What is the Legal Risk of Recording Over Surveillance Video?By John Honovich, Published on Sep 04, 2011
One common fear among surveillance users is that video will be recorded over before the user knows or is able to retrieve the video. Under such circumstances, fears of lawsuits and litigation are significant.
A recent US court case involving Wal-Mart provides a valuable precedent that users should not be found liable for video recorded over in the normal course of events.
This case was recently upheld on appeal in the New Jersey Superior Court and the full and the full verdict can be found here: State vs Lugo-Pagan decision.
Here are the key particulars in the case:
- A Wal-Mart security officer noticed suspicious activity of an jewelery department employee stuffing merchandise in Wal-Mart bags. As the employee was leaving, security confronted the defendant and discovered the unpaid bags of merhandise.
- 7 days after the incident, the defendant requested a copy of the surveillane.
- 2 months later the court ordered Wal-Mart to provide all video recorded on the date of the incident
- Wal-Mart only provided short video clips (about 5 minutes each) and could not provide any more as the video was recorded over after 30 days
- Defendant was found guilty of shoplifting. However, the defendant appealed on the basis of the destroyed surveillance video.
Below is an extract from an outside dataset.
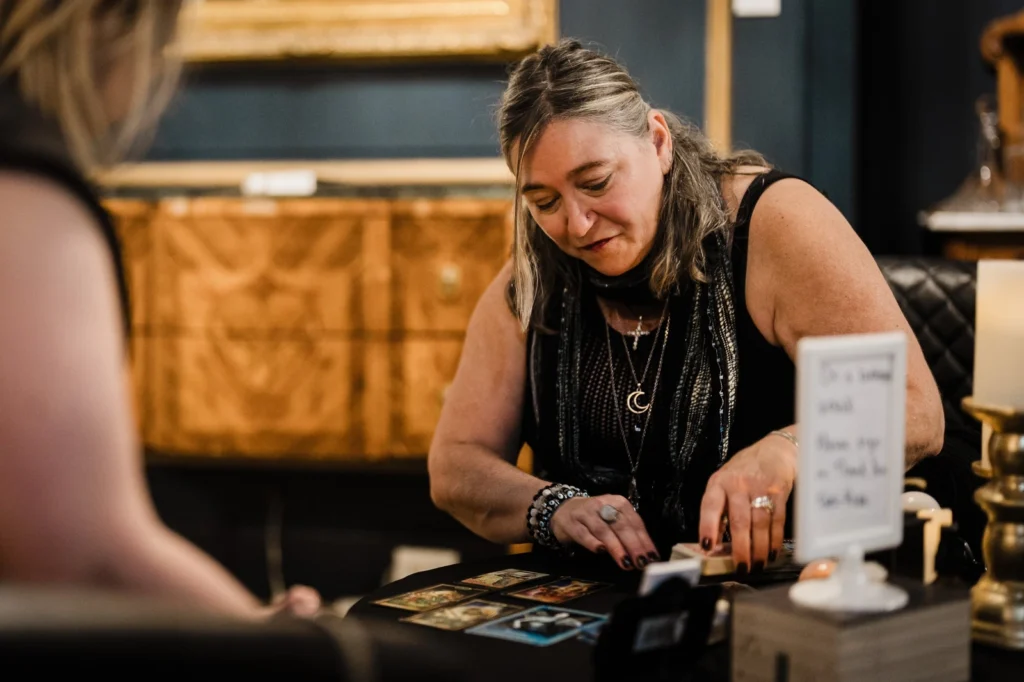 Tarot reader arranging cards at a candlelit table during Morticia's Ball at James Ward Mansion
- The appeal was denied with the Court concluding "It is undisputed that Wal-Mart, and not the police, destroyed the evidential value of the videotapes by taping over them, pursuant to its policy, thirty days later. Where tapes were erased by the police "as a matter of routine," our Supreme Court found no evidence of bad faith by the police. State v. Reynolds, 124 N.J. 559, 569 (1991). Certainly, the erasing of tapes by Wal-Mart cannot be considered evidence of bad faith by the police here. "
We think this is a good case to share with concerned security managers as it is a fairly typical one that involves a prominent end user.
This case should help allay concerns over liability for not having recorded video. While video recording are certainly useful for prosecuting, not having them or only saving some is consistent with the verdict of this case.